So I’m finally getting round to watching Our Daily Bread, a documentary about the food industry that is by now pretty old hat (it’s from 2005, and the present continuous tense is purposeful: the film is playing on the TV right now, as I write this on the couch, laptop on lap – as it should be).
Having read plenty of reviews, I was prepared for the worst, and even feared that eating popcorn would be a bad idea. I needn’t have bothered. It’s basically a montage of various food industrial clips: people picking tomatoes, gathering semen from bulls, sorting good little chicks from bad little chicks, pigs on their way to slaughter, and not to forget the human beings who do the sorting and slaughtering and semen collection, whom we get to see on their breaks, having a fag outside or a sandwich in a canteen.

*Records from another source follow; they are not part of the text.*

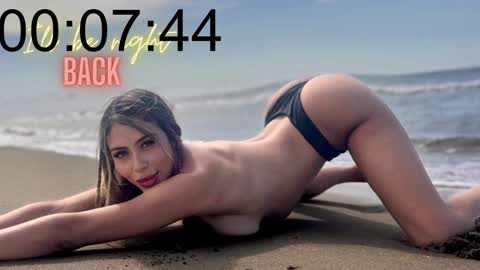 Snapshot of morgan_hill_ chatting on 12-22-24, 09:20 Morgan online show from 12-22-24, 09:20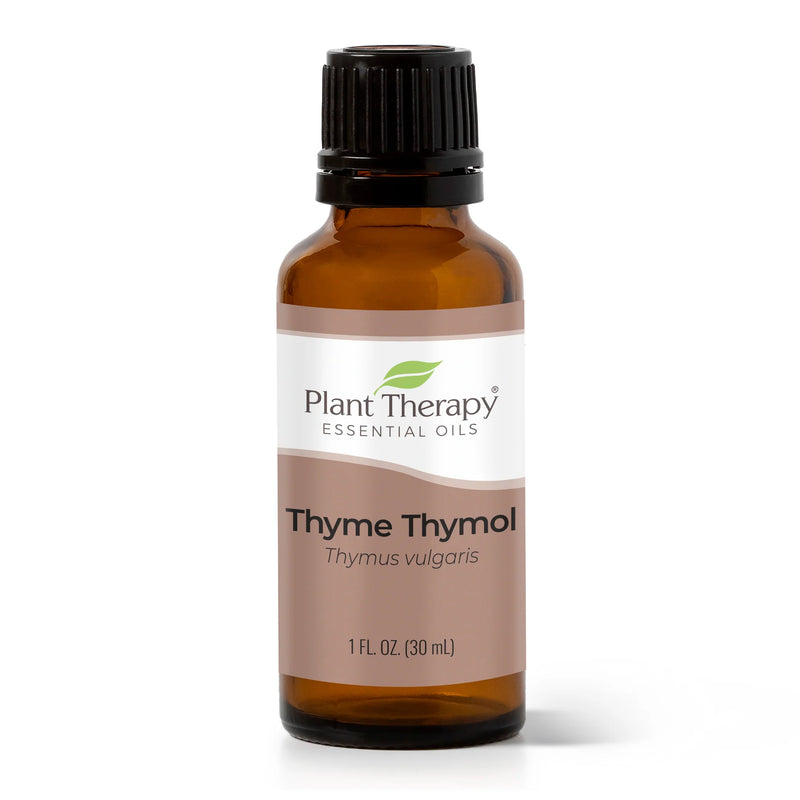 Timol de Cimbru - Thyme Thymol - Ulei esential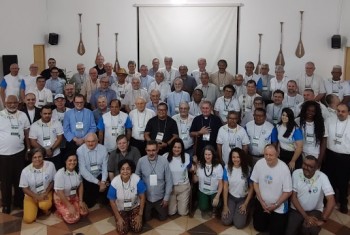 V Encontro da Igreja na Amazônia: Um Farol de Esperança, Justiça e Amor em Meio aos Desafios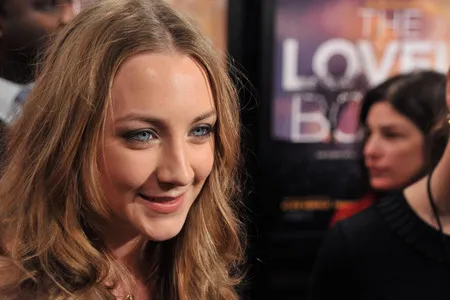 Foto Saoirse Ronan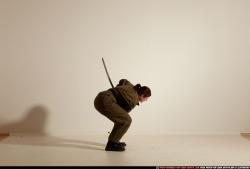 michelle-army-harakiri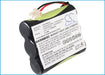 SBC SBC302H Replacement Battery-main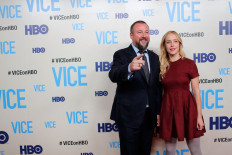 Digital media upstart Vice laying off 'several hundred' staff: CEO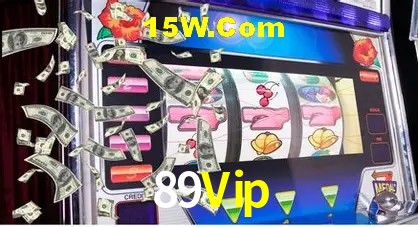 Casino Ao Vivo 89Vip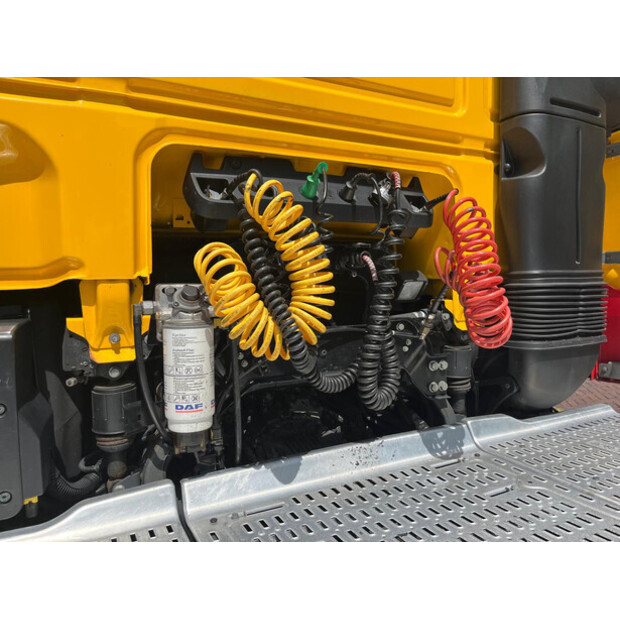 2015 DAF XF 440 FT-48374319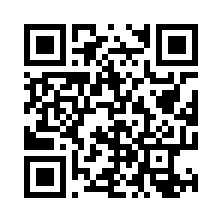 QR Code for bitcoin:1HiCWoJA2DAQzd1EcA4ic5Wc4F1DnBhfTp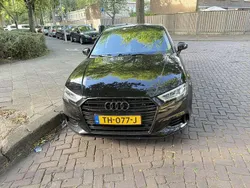 Gebruikt 2018 Audi A3 Sedan | € 15.950 (Eerlijke prijs)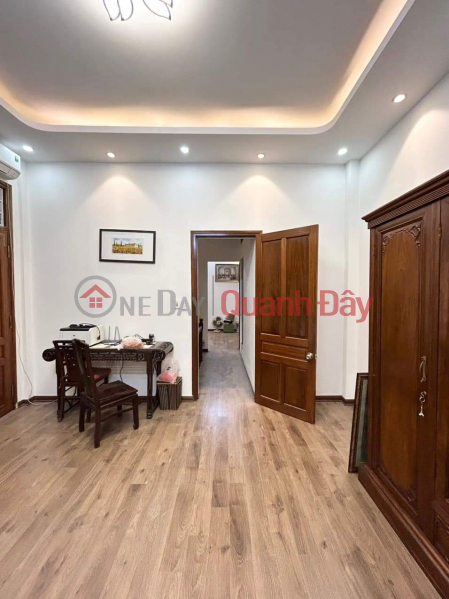 Property Search Vietnam | OneDay | Residential, Sales Listings House for sale right at DOI CAN - BA DINH - Near CAR - BUSINESS - More than 6 BILLION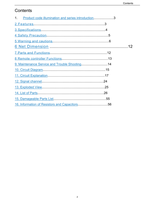 Haier 29FV6 (57 pages) TV Service Manual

There is no dialogue, no commentary, no music. In fact for an “award-winning documentary,” it’s pretty damn boring. It’s not that I need suspense – I watched, and was totally mesmerised by, the film about the famous headbutter Zidane, which really is boring from a narrative point of view (imagine a soccer match where you only watch one person, and he does basically nothing) – but watching a series of clips about where our food comes from is about as interesting to me as watching a film about the inner workings of a toilet.
Fine, there are arguments about how little people know (or care about) what they put in their mouths, and about us modernites being alienated from nature, about forgetting that a hunk of 22-hour braised pork belly was once inside little living breathing piggies. But films like this are not going to change that. Films like this only exist – and can only exist – as a result of that same culture. It depends on people being stupid about their food in order to make an impact.
Actually the one thing I did find fascinating (the film is finished now, thankfully) was all the sophisticated machinery used for gutting animals – piggies, fish, you name it. Technology really can be wondrous stuff.